*** Begin section ***

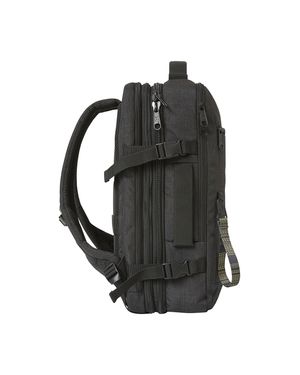 Mochila Casual Unisex B. Holt Travel Backpack Negro Cat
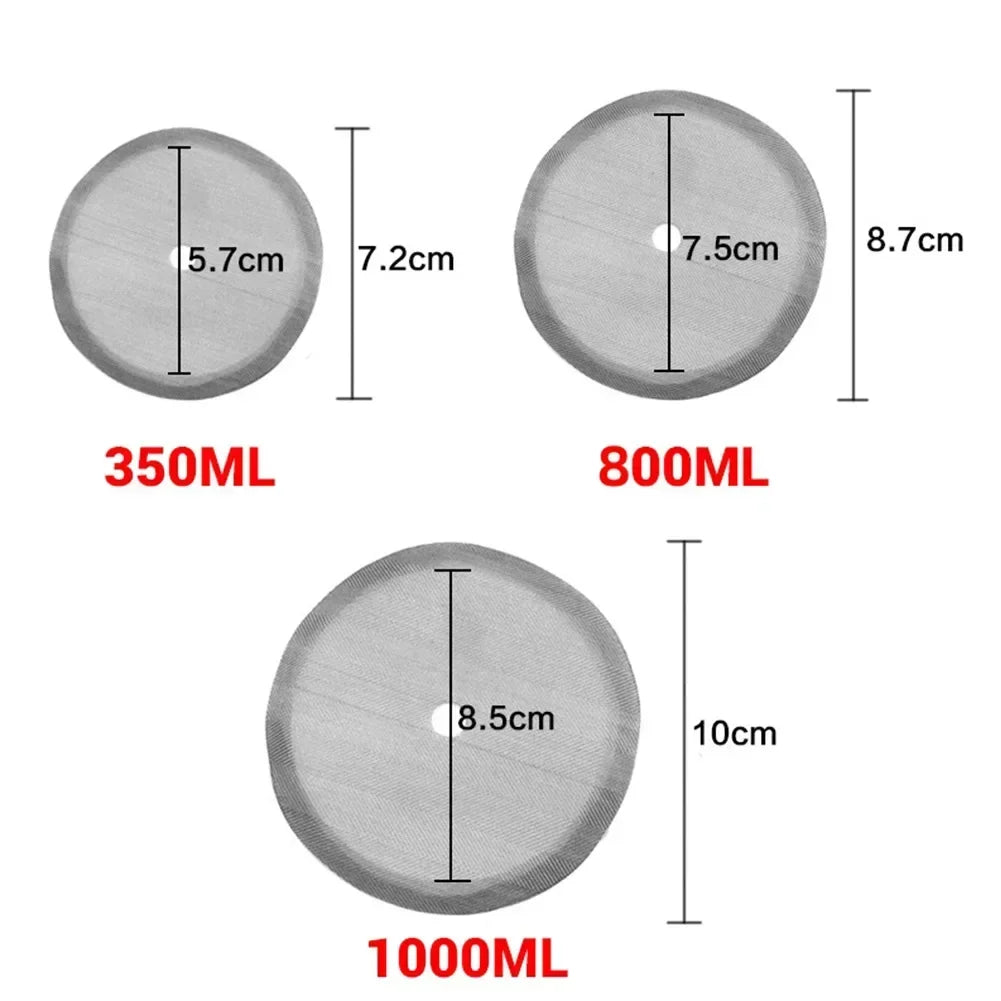 Reusable Mesh Coffee Filters, Set of 3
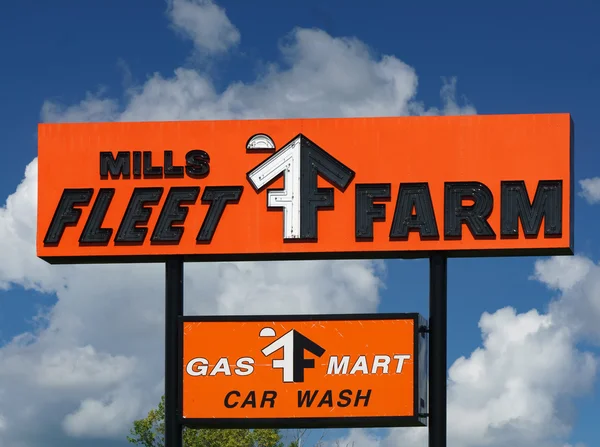 Mills flotta Farm jele és logó — Stock Fotó
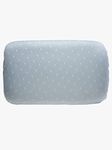 The White Willow Orthopedic Memory Foam Standard Size Neck & Back Support Sleeping Bed Pillow with Removable Zipper Cover (22" L x 14" W x 5" H Inches)- Blue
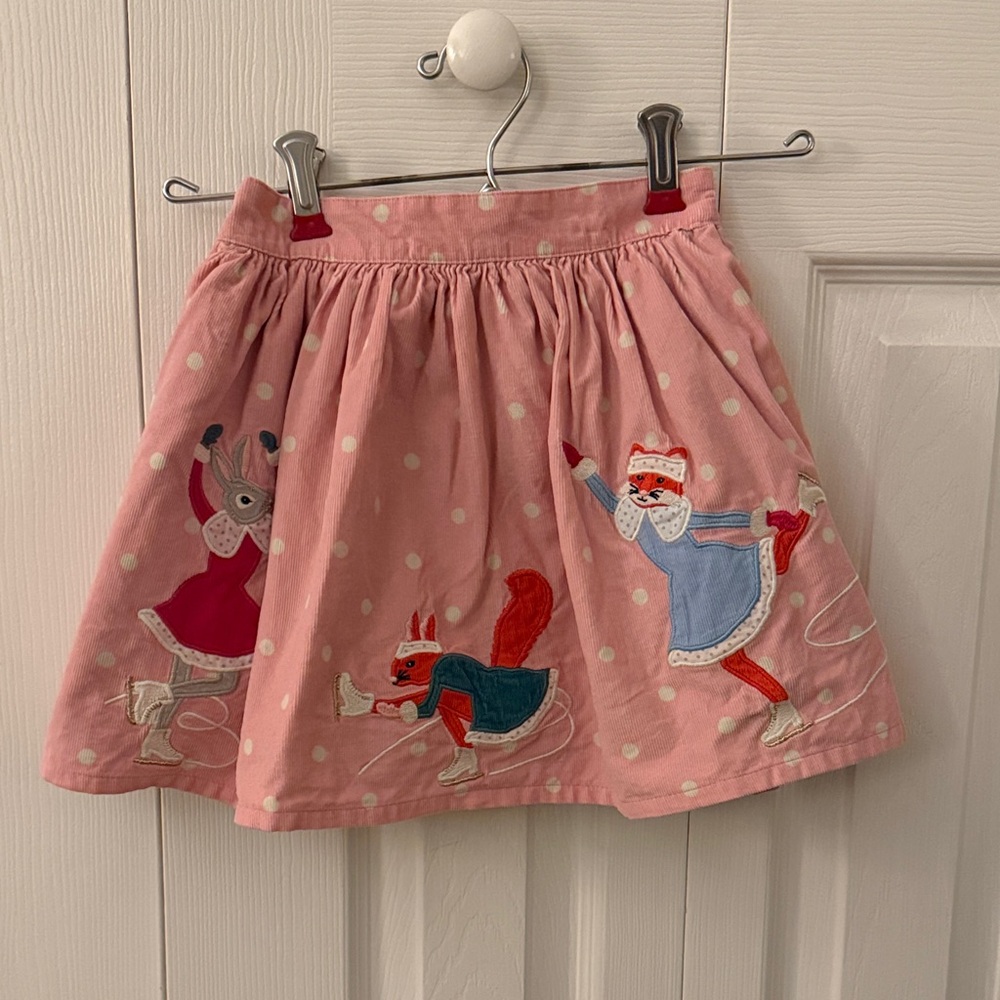 Mini Boden Girls Appliqué Skirt Sz 5 Years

*** End section ***

Return the full set of lines above word for word and with no pictures.

 Mochila Casual Unisex B. Holt Travel Backpack Negro Cat
 Reusable Mesh Coffee Filters, Set of 3
 Mills flotta Farm jele és logó — Stock Fotó
 The White Willow Orthopedic Memory Foam Standard Size Neck & Back Support Sleeping Bed Pillow with Removable Zipper Cover (22" L x 14" W x 5" H Inches)- Blue
 Mini Boden Girls Appliqué Skirt Sz 5 Years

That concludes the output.